On March 9, 2009, the city passed a resolution affirming their support for this extension. The extension would be 7.5 mi in length.

===Studies===
In 2008, the Foothill Gold Line Construction Authority commissioned a study by KOA Corporation to determine the feasibility of such an extension, which they dubbed "Phase 2C." The study found the extension would be feasible and provided several alignment alternatives. The extension would be between 7 mi and 15 mi and add up to four new stations, depending on the chosen alignment.

In November 2014, the San Bernardino Associated Governments (SANBAG), the precursor to the San Bernardino County Transportation Authority (SBCTA), conducted a study focused on better serving Ontario International Airport via public transport. Out of the six alternatives narrowed down from 32 that were more closely studied, one of these alternatives included "Alternative D-1", which proposed extending the Gold Line from the Montclair Transit Center along the San Bernardino Line until Cucamonga Creek, which the line would then follow to terminate at Ontario International Airport.

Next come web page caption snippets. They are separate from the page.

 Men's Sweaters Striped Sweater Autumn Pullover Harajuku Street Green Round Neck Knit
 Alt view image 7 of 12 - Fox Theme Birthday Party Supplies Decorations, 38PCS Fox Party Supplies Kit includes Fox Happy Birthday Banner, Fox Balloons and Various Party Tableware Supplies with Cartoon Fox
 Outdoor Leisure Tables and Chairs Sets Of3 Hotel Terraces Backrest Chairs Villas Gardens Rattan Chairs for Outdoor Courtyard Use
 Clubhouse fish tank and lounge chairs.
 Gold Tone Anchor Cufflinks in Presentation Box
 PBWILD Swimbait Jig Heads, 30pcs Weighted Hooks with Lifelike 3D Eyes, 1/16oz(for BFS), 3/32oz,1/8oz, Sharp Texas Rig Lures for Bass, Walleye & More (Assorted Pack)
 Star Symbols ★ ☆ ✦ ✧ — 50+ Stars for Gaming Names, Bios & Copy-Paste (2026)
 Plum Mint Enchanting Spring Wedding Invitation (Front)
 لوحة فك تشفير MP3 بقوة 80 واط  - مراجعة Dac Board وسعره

In October 2018, the Southern California Association of Governments (SCAG), in cooperation with the SBCTA and the Los Angeles Metro, conducted a transit and rail planning study for the corridor connecting the eastern San Gabriel Valley in Los Angeles County with the western San Bernardino Valley in San Bernardino County. This study considered two options for the "LRT Alternative", including extensions of the Gold Line to Ontario International Airport, the "Arterial Option" and the "Cucamonga Creek Option". The Arterial Option followed Indian Hill Boulevard and Holt Boulevard, while the Cucamonga Creek Option had the same routing as Alternative D-1 in the 2014 study.

===Legislative attempts===
In January 2020, California State Assemblyman Chris Holden (D-Pasadena), representing California's 41st State Assembly district, introduced Assembly Bill AB 2011. The measure would have formed the West San Bernardino County Rail Construction Authority, which would have designed and constructed the extension from Montclair to Ontario International Airport.

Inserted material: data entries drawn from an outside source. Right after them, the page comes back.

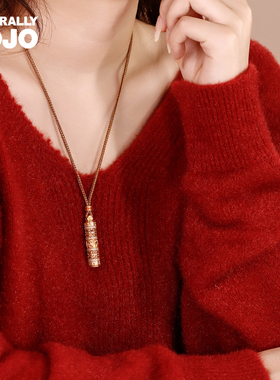 镀真金古法观音吊坠项链女生秋冬轻奢小众设计高级感编织绳毛衣链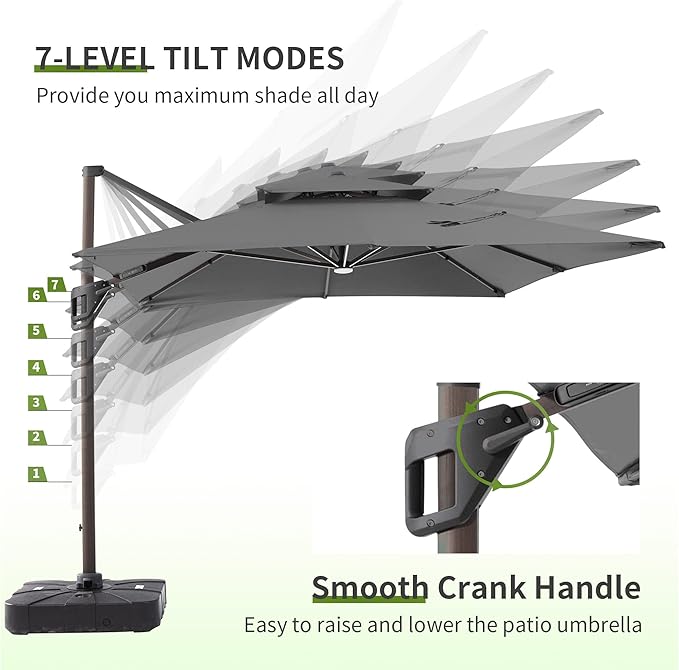 JZAC & QZYD 10X13 FT Outdoor Cantilever Patio Umbrella with Base Included and LED Lights, Large Heavy Duty 2-Tier Aluminum Offset Umbrellas with 360-Degree Rotation for Pool Deck, Grey
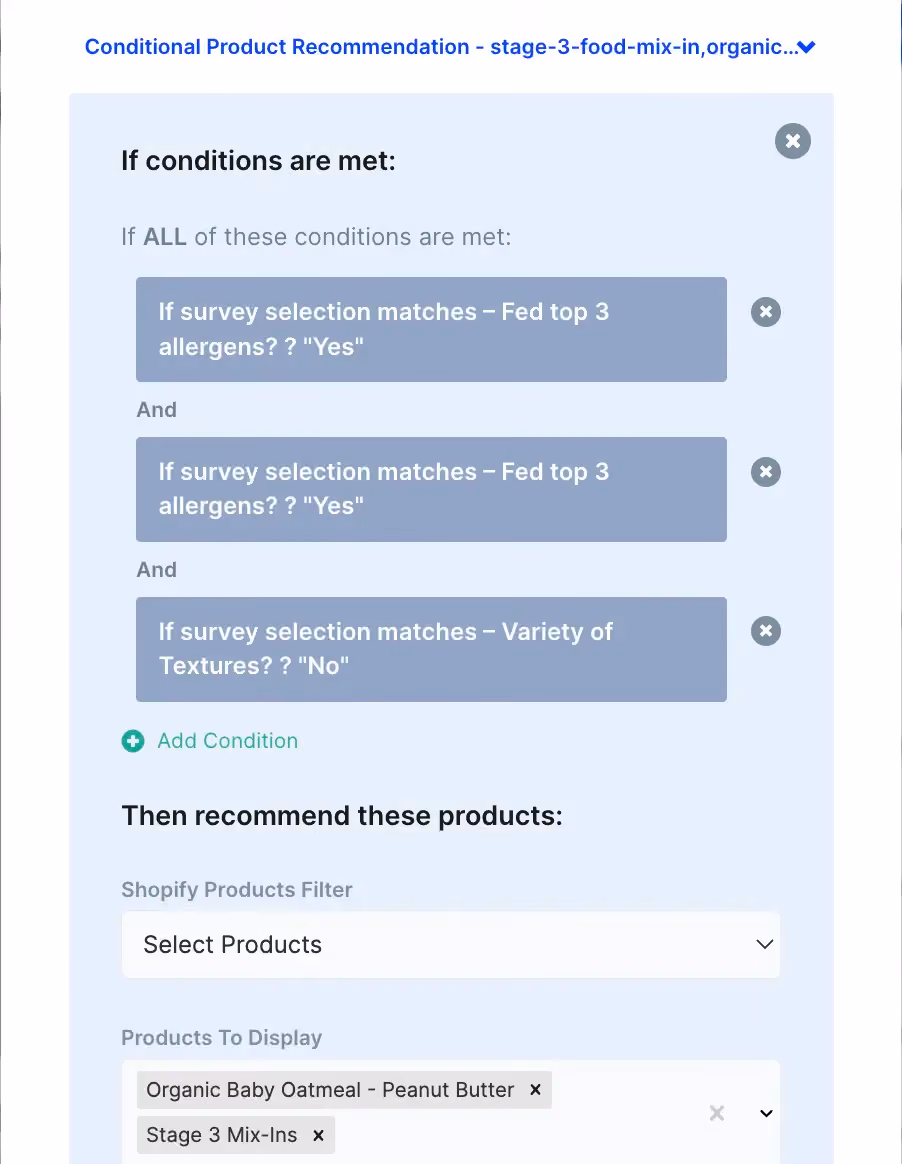 Conditional logic for product recommendations in ConvertFlow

Holden would be aided by California State Senator Anthony Portantino (D-La Cañada Flintridge), representing California's 25th senatorial district, who introduced his bill, SB 1390, on February 21, 2020, which went even further and would have transferred taxpayer funds and land owned by the SBCTA within the proposed rail right of way to a state-created independent construction authority.

Both state legislators presented their bills to the SBCTA board of directors at the March 7, 2020, board meeting. The board voted to oppose both bills and passed a motion reasserting itself as the sole authority to plan, design, and build new mass transit projects in San Bernardino County. Despite this, both bills were supported by the Foothill Gold Line Construction Authority.

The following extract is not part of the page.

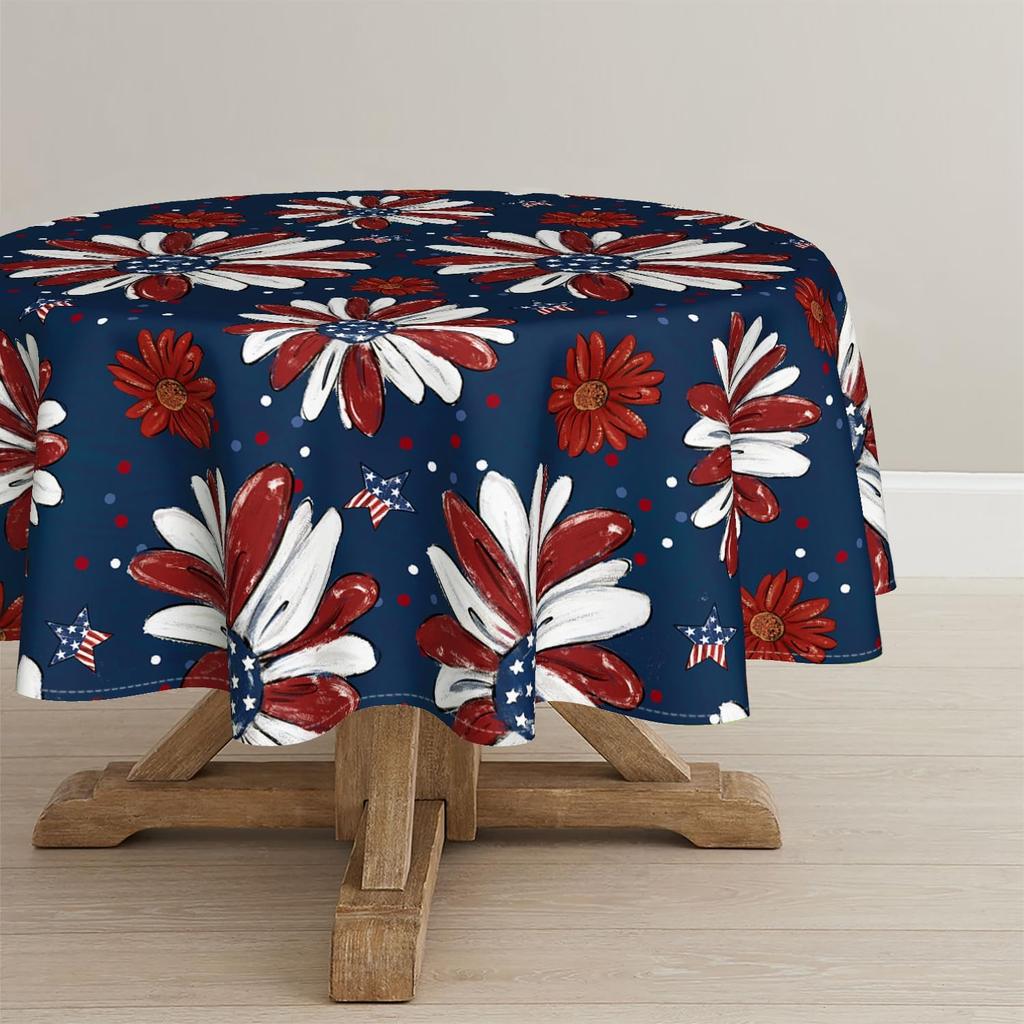 Horaldaily 4th of July Tablecloth 60×60 Inch Round, Patriotic Memorial Day Red and Blue Print Flowers Independence Day Washable Table Cover for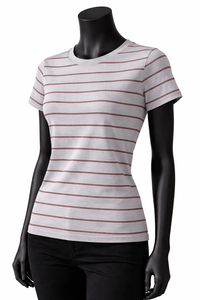 เสื้อยืดผ้าฝ้ายลายทางสำหรับผู้หญิง ทรงเข้ารูป แขนสั้น คอกลม เสื้อยืดพื้นฐานสำหรับผู้หญิง ขายส่ง - Product Image 3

Neither bill was able to pass the state legislature. On May 18, 2020, the SBCTA ceased negotiations on a memorandum of understanding (MoU) on the extension, following Holden committing against further action on his legislative proposal, killing these attempts at the project.

===Proposed alternative===

As a cost-effective solution compared to the proposed extension, estimated at around $1–1.5 billion, SBCTA and Ontario International Airport were in the process of trying to implement a tunnel with autonomous, zero-emission vehicles on an "on-demand" basis from the Metrolink San Bernardino Line's Rancho Cucamonga station to Ontario International Airport.

Initially, The Boring Company proposed constructing a single 2.8 mi tunnel similar to the Las Vegas Convention Center Loop that would cost $60 million. However, the company eventually dropped out of the project because they refused to submit another refined proposal.

Despite this, the SBCTA moved forward with plans on the project. The new plans for the project included two 4.2 mi tunnels that would cost roughly $492 million. The SBCTA selected HNTB as their new contractor to design, build, and maintain the project. However, the project was canceled by the SBCTA board of directors at its December 3, 2025 board meeting due to escalating costs.